If the Escrow Release Conditions are not satisfied at or before the Escrow Release Deadline, each of the then issued and outstanding Subscription Receipts will be cancelled and the Subscription Receipt Agent will return to each holder of Subscription Receipts an amount equal to the aggregate issue price of the Subscription Receipts held by such holder. To the extent that the escrowed funds are insufficient to refund such amounts to each holder of the Subscription Receipts, the Company shall be liable for and will contribute such amounts as are necessary to satisfy the shortfall.
Pursuant to the Agency Agreement, the Agent is entitled to be paid a cash commission equal to 6% of the of the gross proceeds raised under the Offering, which is equal to $690,000 (the "Agent's Fee").
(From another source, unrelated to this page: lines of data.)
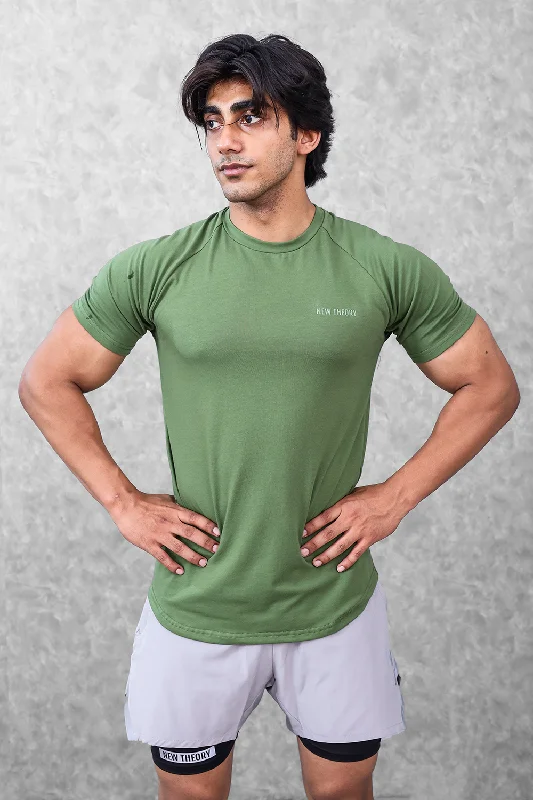 Men's eco - friendly recycled t - shirts for sustainable fashion choicesAlpha Regular T-shirt - Olive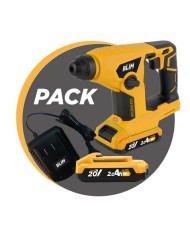 MARTILLO PERFORADOR 20V 1.5 JULIOS + BATERIA 2AH + CARGADOR BLIM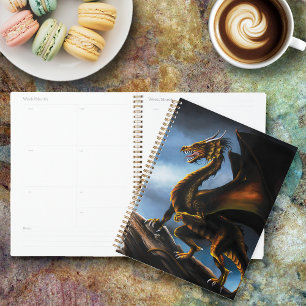 Dragon noir cuivre or
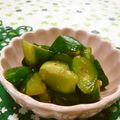 赤い電話's cooksnap of when they made きゅうりのピリ辛☆にんにく＆生姜入り♪.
Of this amount, 50% (or $345,000) was paid by the Company immediately upon closing of the Offering and the remaining 50% was deposited into escrow with the Subscription Receipt Agent alongside the balance of the gross proceeds of the Offering and will be payable to the Agent only upon satisfaction of the Escrow Release Conditions. The Agent is also entitled to be issued 4,600,000 non-transferable broker warrants (the "Broker Warrants"), being equal to 6.0% of the number of Subscription Receipts sold pursuant to the Offering. The Broker Warrants will be issued to the Agent only upon satisfaction of the Escrow Release Conditions at or prior to the Escrow Release Deadline. Once issued, each Broker Warrant will entitle the Agent to purchase one Common Share at a price of $0.15 per share until October 3, 2030. The Broker Warrants will vest upon the earlier to occur of the Company's closing share price on the TSXV exceeding $0.30 per share for five consecutive trading days and October 3, 2028. All securities issued in connection with the Offering, including the Subscription Receipts, will be subject to a statutory hold period ending February 4, 2026.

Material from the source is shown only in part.